‘If I found myself divorcing, Tom is the London solicitor I would choose. [He is] absolutely first class,’ says one leading QC about Tom Amlot, family lawyer and partner at Alexiou Fisher Philipps.
An accredited mediator and collaborative lawyer, the former commercial litigator joined the boutique firm in 2011 and enjoys tackling matters across different disciplines and areas of the law – especially in those cases which contain a crossborder aspect.
‘Many of my clients have issues that are of an international nature, so they require strategic advice from the perspective of different jurisdictions,’ he tells Spear’s. ‘I also have a number of clients for whom privacy is of paramount concern, so safeguarding this is of the utmost importance.’
Alexiou Fisher Philipps covers a broad range of family law matters, including financial disputes at the beginning and end of a relationship divorce, judicial separation and inheritance act claims, issues in relations to children, emergency measures and arbitration.
Recent successes include acting for the husband in a new High Court decision on the relevance of pre-acquired wealth, acting for the husband in a new authority on the importance of pre-marital wealth, and acting for the wife in what is now a leading authority on the impact of marital misconduct.
It has been an ‘interesting’ year for Amlot who has been representing the Great British Bake Off’s Paul Hollywood in his widely publicised divorce.
He enjoys seeing some of his cases going through the courts, though is glad many don’t. ‘I find it good when there’s a balance,’ he says, ‘I enjoy litigation but wouldn’t want it to be all that I do.

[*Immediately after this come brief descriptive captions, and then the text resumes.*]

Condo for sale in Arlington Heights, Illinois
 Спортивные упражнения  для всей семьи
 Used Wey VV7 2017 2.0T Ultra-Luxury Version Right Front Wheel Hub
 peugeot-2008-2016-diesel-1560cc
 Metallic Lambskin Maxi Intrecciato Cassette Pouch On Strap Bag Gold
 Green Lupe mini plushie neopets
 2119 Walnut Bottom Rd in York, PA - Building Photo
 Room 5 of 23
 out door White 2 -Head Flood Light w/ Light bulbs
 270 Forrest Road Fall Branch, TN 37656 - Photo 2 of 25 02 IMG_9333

‘I’ve had a case which was reported as IX v IY, which was interesting for a number of reasons, the case started as a jurisdiction battle, but it landed in London and the decision is about the extent to which a pre-marriage business interest should be shared or otherwise,’ he recalls.
Is London still the divorce capital of the world, Spear’s asked the capital-based solicitor earlier this year? His answer was a blunt ‘yes’. Why? ‘It is the most generous-paying jurisdiction for financially weaker parties, simple as that.’